香港近日陷入反《逃犯条例》修订的示威潮中,访问前一天,是616游行前夕,有示威者在太古广场高处挂上“反送中”、“撤回”的横额,其后坠楼不治。
阿桂一边折纸,一边说:“讲真,边个仲有胃口?”这几个1997年后出生的女生,自6月9日百万人游行开始,每天都会走到金钟、中环去,运送物资给示威者,执拾冲突后遗下的垃圾。这本来是“后雨伞一代”的暑假,他们却奔跑于充斥催泪弹刺鼻烟雾的大街窄巷,帮陌生人用生理盐水冲走脸上的胡椒水,屹立铁马面前,与防暴警察相隔不够十米,仍不愿后退,大喊“撤回”。是什么让他们不惜被捕危险,也要走上街头?
(为保护受访者,文中受访者名字皆为化名。)

她们通宵为死去的示威者折白色纸花。特首林郑月娥今日(18日)再见记者向市民道歉,但并没有回应616游行诉求。阿桂说:“感觉被人带游花园,唔知听咗乜,好嬲。”

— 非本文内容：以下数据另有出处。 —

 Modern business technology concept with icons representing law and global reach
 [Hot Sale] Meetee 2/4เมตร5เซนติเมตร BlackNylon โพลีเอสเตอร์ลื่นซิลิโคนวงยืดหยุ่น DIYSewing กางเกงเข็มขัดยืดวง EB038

连同阿八,几个00后女生是相识于网络的好朋友。612金钟冲突之后那天,她们约好一起行动,穿起黑色T-Shirt,每人手里拿著一个黑色垃圾袋,在站满人潮唱圣诗的中信天桥左穿右插,喊道:“有冇人要丢垃圾?”群众随即帮忙传递天桥两边垃圾。

“我想落夏悫道执,你睇吓,好多垃圾。”戴著口罩的阿桂指桥底那晚已重新通车的夏悫道。“但我惊畀人查身份证,畀人怀疑想用垃圾袭击人。我可以俾人拉,但我唔想。”

没戴口罩的阿八瞪大圆滚滚的眼睛问:“如果我哋系暴徒,点解要执垃圾?”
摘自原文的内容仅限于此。